We need to talk.
I want to talk.
I want to have a conversation without the sensation of alienation,
To speak words that flow like a river without suspense or pretense or nonsense or
Offense to the thoughts that tempt us like distractions to reactions to words
We didn’t mean
Or maybe we did
But who would know
Because who has the time
To just sit
And
Talk?
I want to talk.
I want to look someone in the eyes without alibis or denials of a need for more than
Survival
I’m
Not
Satisfied
With
The ticking of the clock
I’d like to knock it off of the shelf or send it straight to hell.
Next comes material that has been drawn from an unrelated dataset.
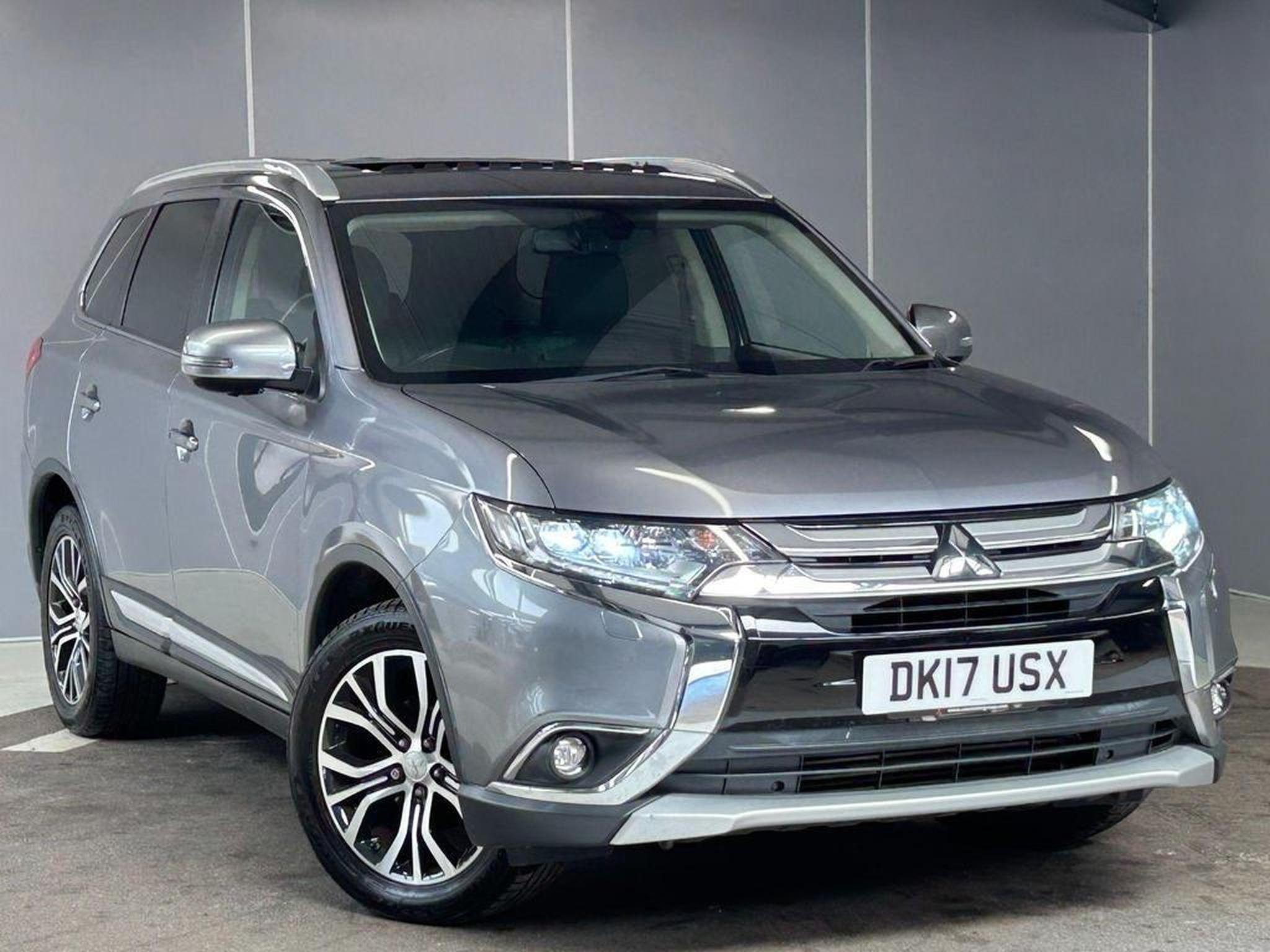 Main listing image - Mitsubishi Outlander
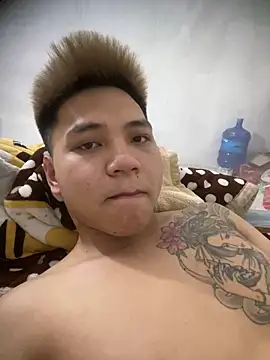 Snapshot of ahtaikk12345 chatting on 04-04-26, 01:37 ahtaikk12345 online show from 04-04-26, 01:37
The bells that toll the hour are trolls and what I’d really like
Is a good cup of coffee
With a friend
That knows me well enough to know when I’m falling apart but
Laughs at my stupid jokes
Because we all know that laughter is the best
Thing for insanity…
I want to talk.
I’m so tired of feeling like I’m constantly apologizing or capsizing or disguising true intentions
Of verbal apprehensions and the attempts for my redemption…
So tired of the anxiety; it’s crippling and debilitating but the meds only go so far
And then I’m just left with me
And I’m a mess
But I’ve got prayer for that, right? #Blessed
Because serotonin and dopamine are free and if only I were good enough I’d see that they’re
Out there waiting for me if only I could get enough sleep but I don’t see that happening,
So what I’d really like
Is a good cup of coffee
With a friend
That maybe doesn’t make me talk
But just sits there
And understands that I can’t understand
And tells me I’m going to get through this…
Even when I don’t have the words to say what “this”
Is.
I want to talk.
Because maybe if I write it or verbalize it instead of fighting it, in spite of my confusion my delusions will clear up or clear out & I’ll be up from this place where I’m down for the count
On the upside of the bipolar pendulum no one has ever officially told me I’m on
But I wonder.
I need to talk.
But sometimes…
I can’t.
Love this so much! Anytime you want to talk I would love to be there. I know what it’s like to deal with crippling feelings of did I say something wrong, did I do the wrong thing, did I just make an enemy when I honestly just wanted a friend. I understand you and I am always here! You are an amazing lady and an awesome Mommy to such an adorable little boy! Miss y’all! Living with aniexity is so hard and frustrating! I try kicking it’s butt every day.